Il m’a demandé si nous avions un ordinateur et je suis allée chercher mon portable. Il a fait apparaître un site web avec des photos d’une femme d’une beauté stupéfiante : « C’est Sammy, c’est mon grand amour ».
Il devait retourner à Lancaster pour s’assurer que Sammy allait bien avant de commencer son service de nuit, alors à 10 h 30, un dimanche matin, ils ont baisé une dernière fois dans les escaliers. Lorsqu’il est parti, il y avait pas mal de voisins qui travaillaient dans les jardins ou qui nettoyaient les voitures et qui jetaient des coups d’œil peu discrets alors que Chris et son amant s’embrassaient dans notre allée. Fred, qui habitait deux portes plus loin, est entré dans sa maison et a claqué la porte.
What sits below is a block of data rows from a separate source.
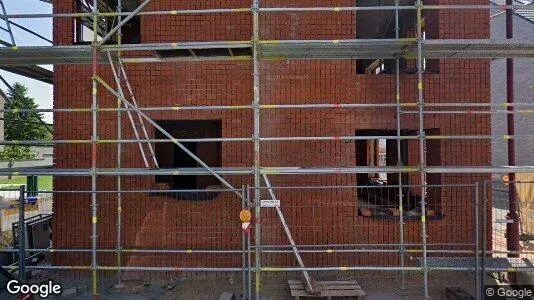 Apartments for rent in Deinze - Photo from Google Street View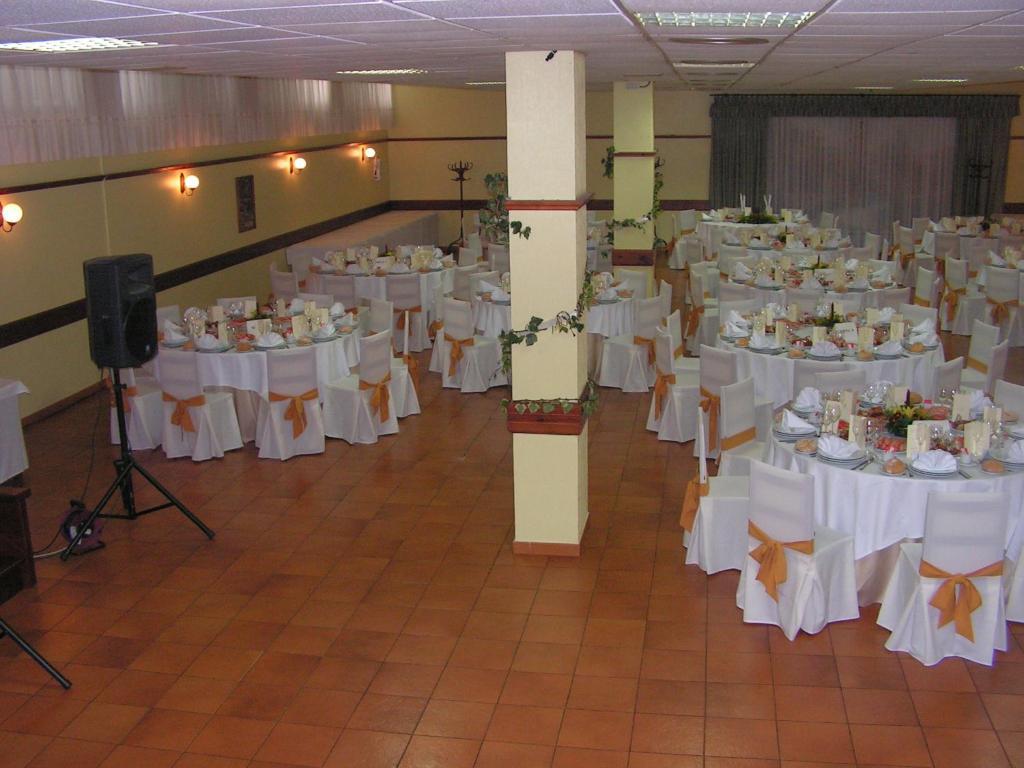 Don Hotel Cangas do Morrazo Εξωτερικό φωτογραφία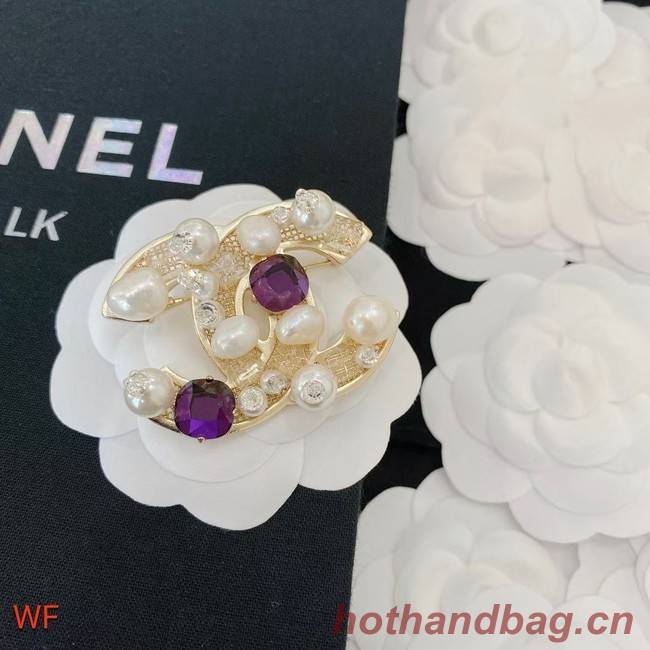 Chanel Brooch CE6233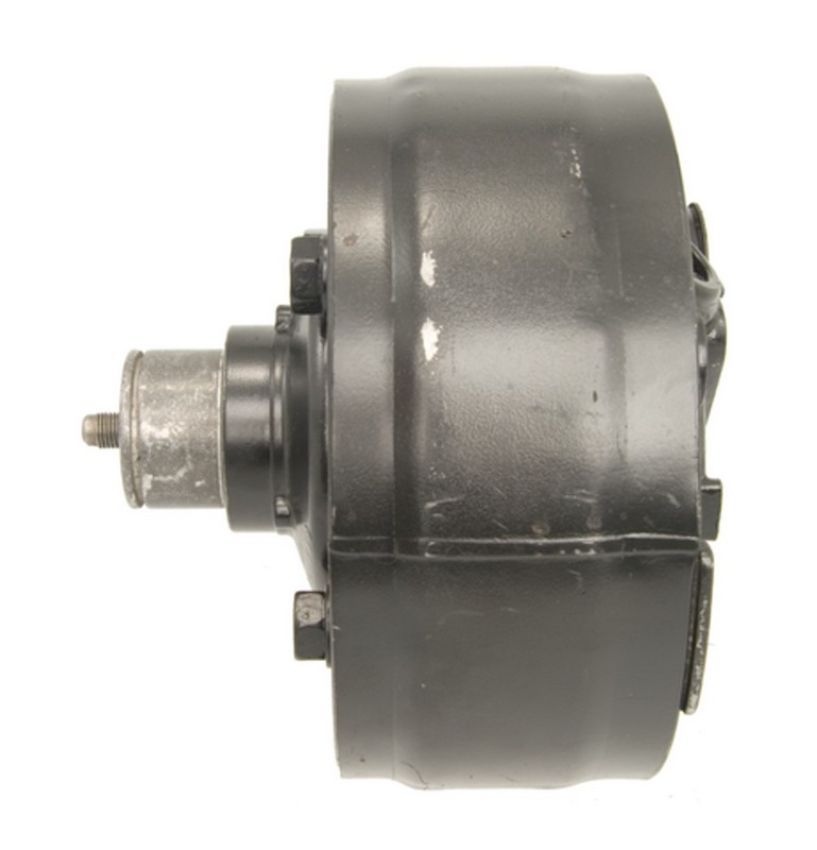 Four Seasons 57233 GM R4 Reman Comp w/o Clutch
Le reste de la journée de dimanche a été vraiment érotique. Quelques secondes après la fermeture de la porte d’entrée, Chris était allongée dans l’escalier, à l’endroit même où elle avait été baisée dix minutes plus tôt, et je léchais sa chatte gorgée de sperme. La douceur mentionnée plus haut était due au fait qu’elle avait passé l’après-midi à se préparer les cheveux et le corps et qu’elle s’était fait épiler le pubis, complètement imberbe. Puis, ce qui est pour moi la plus exquise de toutes les sensations, j’ai baisé le vagin béant et mou de ma femme. Elle léchait son sperme sur mon visage et mes lèvres, je l’embrassais et je faisais couler le sperme d’un autre homme de ma bouche à la sienne tandis que sa chatte chaude et tendue essayait de m’attirer plus profondément à l’intérieur. J’avais également appris et mes pouces ont travaillé son clitoris alors que nous faisions l’amour dans les escaliers, accompagnés d’un bruit fort et humide de clapotis. Pour la sixième ou septième fois seulement dans notre mariage, nous avons joui à l’unisson, puis nous sommes montés dans la chambre à coucher. Nous avons essayé la plupart des positions qu’elle avait adoptées avec son amant, mais certaines m’étaient tout à fait impossibles, soit parce que je n’arrêtais pas de tomber parce qu’elle était tellement tendue et négligée, soit parce que j’étais si petit que je n’arrivais tout simplement pas à la pénétrer dans cette position, et nous avons ri de cette impossibilité en nous débattant et en nous culbutant pour essayer de la faire fonctionner. Les autres positions étaient soit merveilleuses, soit décevantes, mais toujours intéressantes. Elle m’a pris dans sa bouche et, avec des mouvements de langue et de succion précis, m’a amené au bord de l’éjaculation, puis j’ai glissé à nouveau dans son vagin enveloppant. Trop vite, j’ai ajouté du sperme à sa chatte déjà inondée de sperme et lorsque je me suis retiré, un grand jet de liquide blanc crémeux et épais a suivi. C’était vraiment le sexe le plus merveilleux que j’aie jamais connu et j’étais bientôt à nouveau dur. Elle m’a permis pour la première fois de l’enculer, quelle sensation, si intense qu’elle m’a fait jouir trop vite (l’histoire de ma vie).